United States – New player in beef trade
From Meat Trade News Daily

Anaheim Convention Center’s food director was frustrated that supplies often ran low on free-range beef for his environmentally friendly menu.

So, he decided to ask the city to buy him a herd of cattle.

“I said, ‘I’m going to buy the whole cows.’ That’s what we did. We bought the whole cows,” said Jim Tripp, general manager for city-contractor Aramark at the center.

The purchase is believed to be the first time that any convention center has bought cattle. The 75 city-owned cows reside at the Hearst Ranch in San Simeon, where they will be slaughtered, cut to the city-owned center’s specifications and then served to convention-goers near Disneyland.
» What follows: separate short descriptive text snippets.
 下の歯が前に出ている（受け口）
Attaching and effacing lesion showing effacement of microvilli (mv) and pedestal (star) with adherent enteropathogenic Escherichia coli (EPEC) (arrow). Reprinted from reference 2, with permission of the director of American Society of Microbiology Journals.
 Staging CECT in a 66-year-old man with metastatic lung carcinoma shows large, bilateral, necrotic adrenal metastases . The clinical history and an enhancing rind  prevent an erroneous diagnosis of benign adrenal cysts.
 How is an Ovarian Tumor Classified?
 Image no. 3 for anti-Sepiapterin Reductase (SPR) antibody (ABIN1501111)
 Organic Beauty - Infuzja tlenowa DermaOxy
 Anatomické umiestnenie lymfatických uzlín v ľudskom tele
It’s just one way that the center has become an industry leader for its green practices. The center also provides free-trade coffee, local produce and utensils made of cornstarch. “Inhumane” foods are banned from the center. About 15 percent of its fruit and vegetables are organic.
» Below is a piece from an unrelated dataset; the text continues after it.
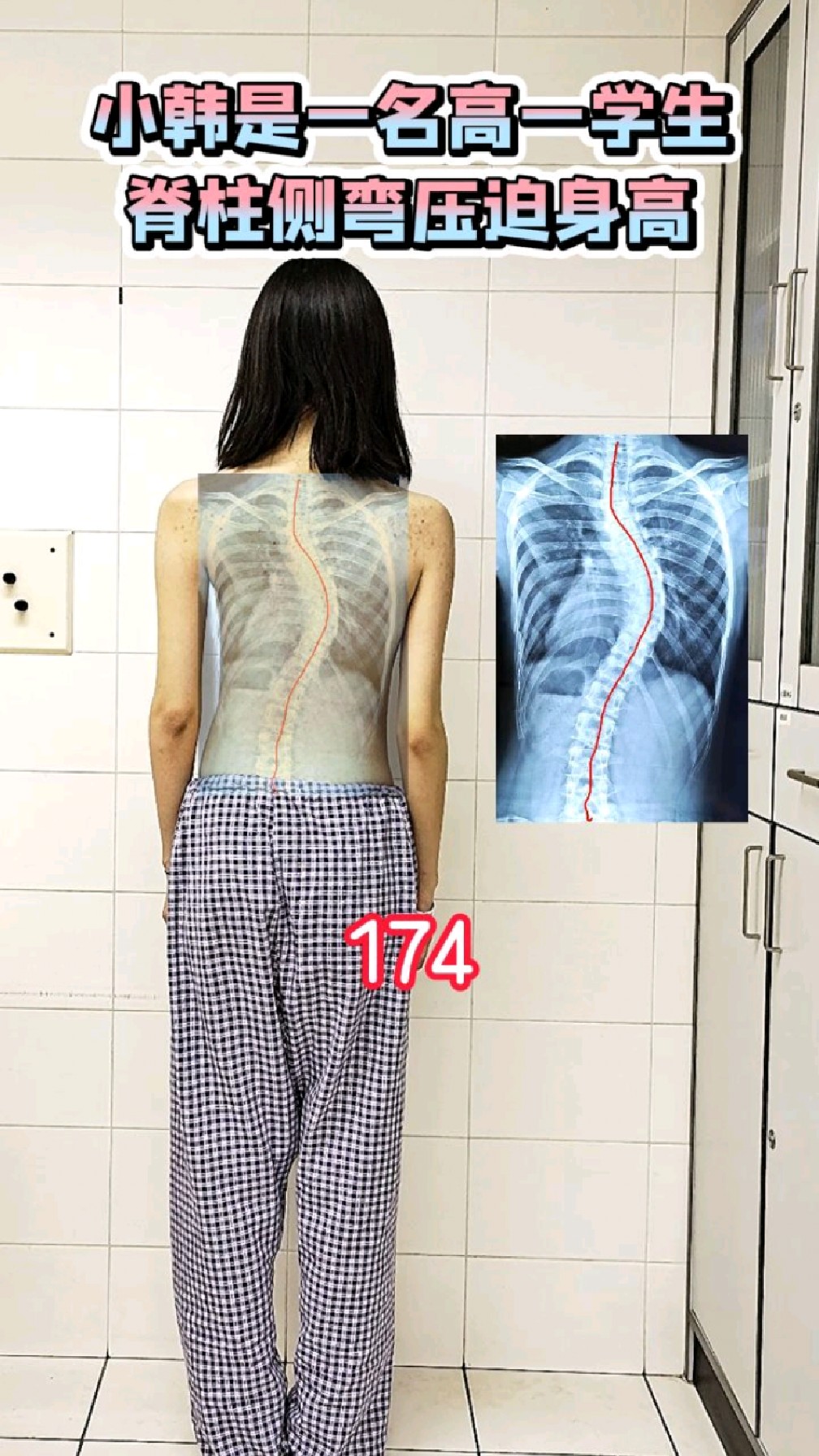 高一女孩174㎝,"拉直"脊柱侧弯后,能有多高?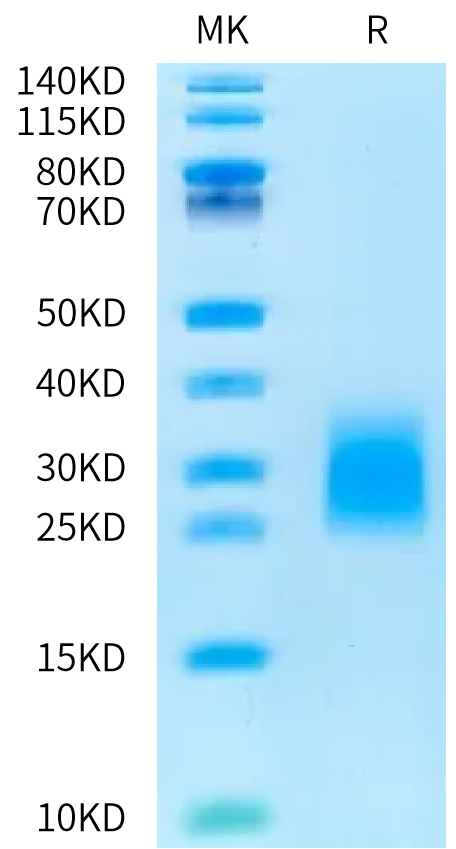 Human LSR Protein, Ultra Low Endotoxin (LSR-HM101-UL)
Tripp, who launched the center’s green program, said he projects that the cows will provide a four-month supply of beef. The cows cost about $100,000, saving the center about 10 percent in food costs. If the pilot program goes well, the center could buy more cows.

The city-owned Anaheim Convention Center bought the cows, so they technically belong to the city. But the beef is managed by Aramark.
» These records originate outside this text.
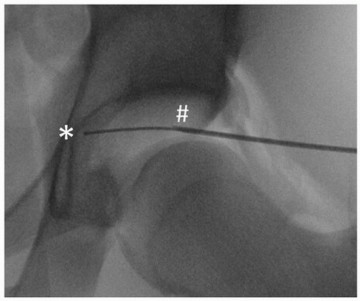 Illustration 13 for Beyond Knee Surg: Hip Arthroscopy for Sports Injuries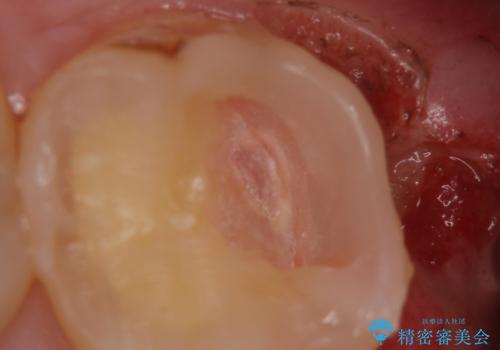 奥の虫歯 ジルコニアクラウンでの修復の治療中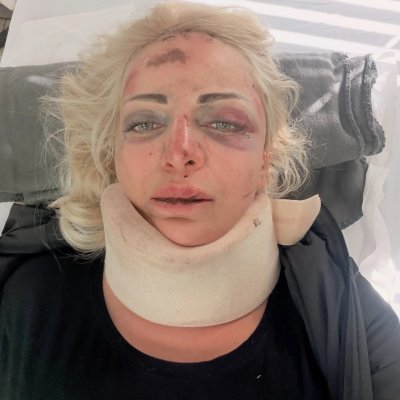 Гадже пребило Жанета Осипова (Снимка 18+)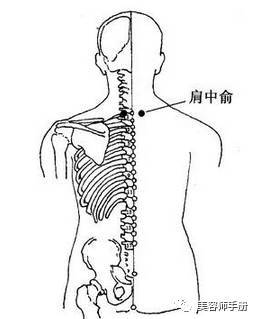 肩中俞疼是怎么回事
Although the cows don’t live nearby, Tripp made a point of visiting them during a trip to the ranch where he slept at the bunk house.

“I don’t take things on their own press. I have to see it for myself,” Tripp said.

With the beef, the center was able to expand its food options, creating a new Hearst Ranch menu. Meal options include Sarsaparilla Hearst Ranch Braised Short Ribs, Mustard-Crusted Beef Tenderloin and Hearst Ranch Striploin Steak Salad. The prices will be roughly the same as similar dishes, Tripp said.

The center will also use the beef for about 70,000 hamburgers that it sells each year. The one-third-pound burgers sell for $7.

Debbie Juliani, marketing director for Aramark, said customers have been thrilled with the new menu options, which were offered at a tasting for the first time this week. “People are really intrigued,” Juliani said.

About 1 million visitors attend events at the center each year.